This guest post, from Kerry Goettlich, is the second contribution to our symposium on Brenna Bhandar’s Colonial Lives of Property. Kerry is a PhD candidate in the IR Department at the London School of Economics. His research is on the historical relationship between space and international politics, particularly the origins and consequences of linear borders. His latest work is ‘The rise of linear borders in world politics’ in the European Journal of International Relations. He was also recently co-editor of Millennium: Journal of International Studies.

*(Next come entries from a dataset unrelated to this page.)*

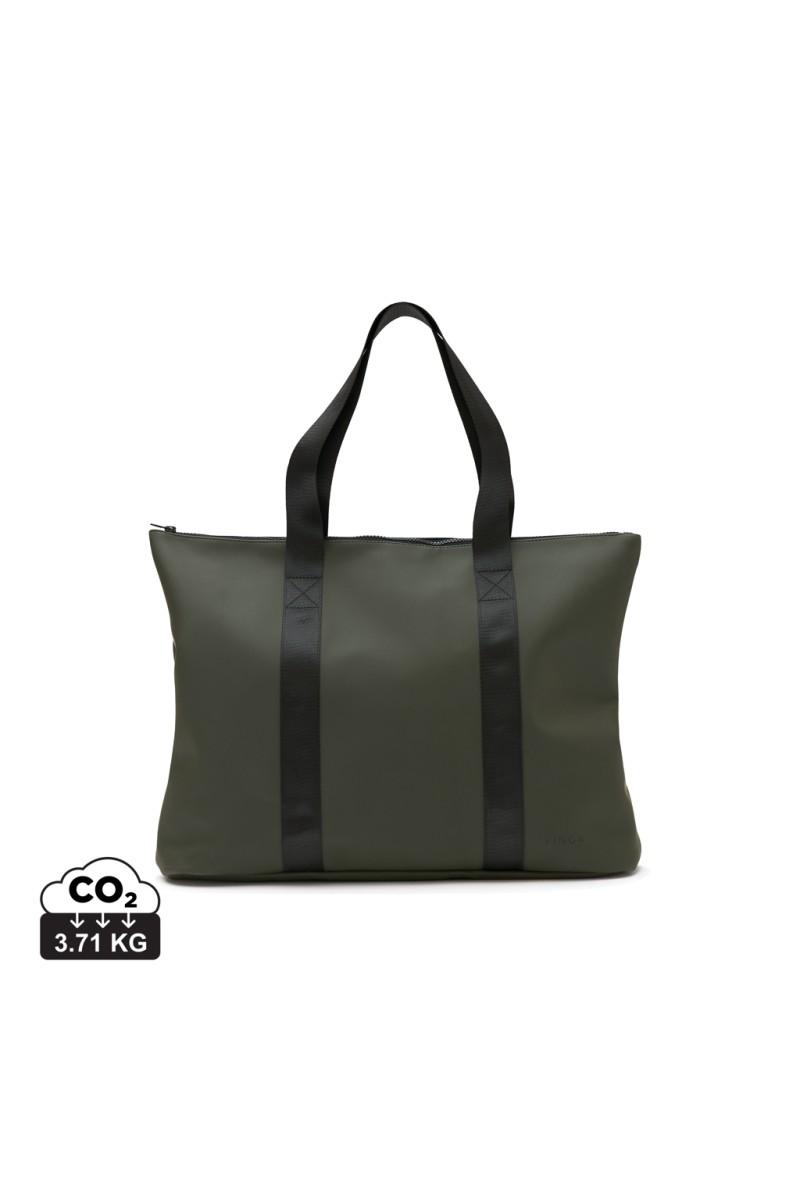 VINGA Baltimore tote bag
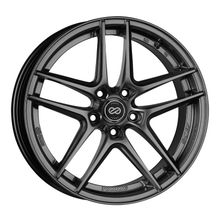 Колесный диск ENKEI SC37 7,5x17 5x108 D63,4 ET45 HPB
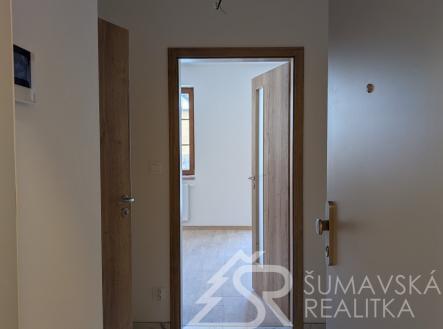 Prodej bytu, 1+kk, 30 m²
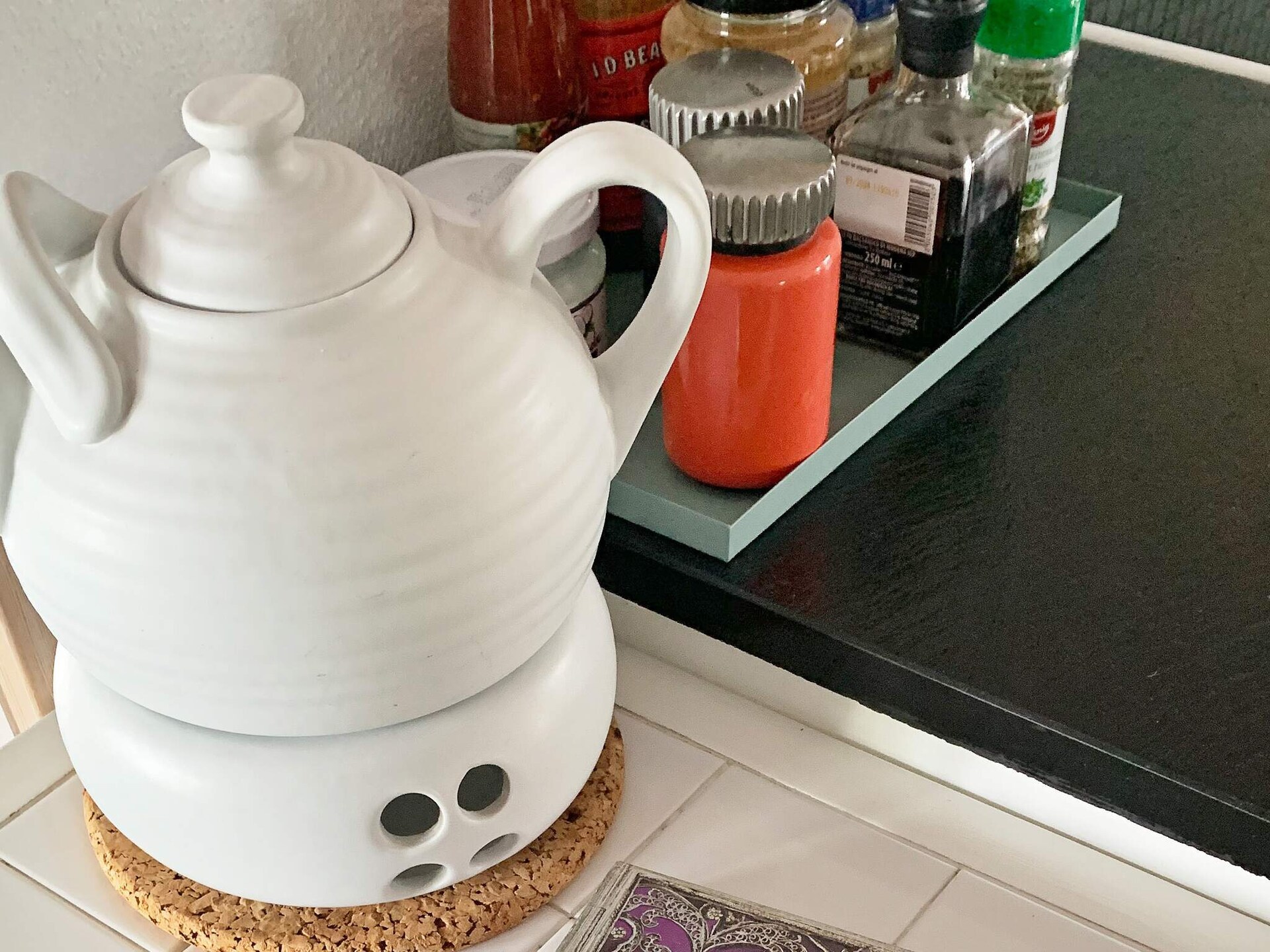 6-persoons vakantiehuis in Struer op 450 m van de zee - foto 59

As part of the fieldwork for Colonial Lives of Property, Brenna Bhandar witnessed the seventieth razing of the Bedouin village of Al-Araqib by the Israel Land Authority since 2010 (p. 116). Some Bedouin living under Israeli authority are now so used to having their homes destroyed that they have begun building them with particularly pliable materials in order to make reconstruction easier. Others destroy their own homes in order to avoid being charged bulldozing costs by the state. One of Bhandar’s interviewees ‘paid for someone to build his house and paid the same person to destroy it’ (p. 117).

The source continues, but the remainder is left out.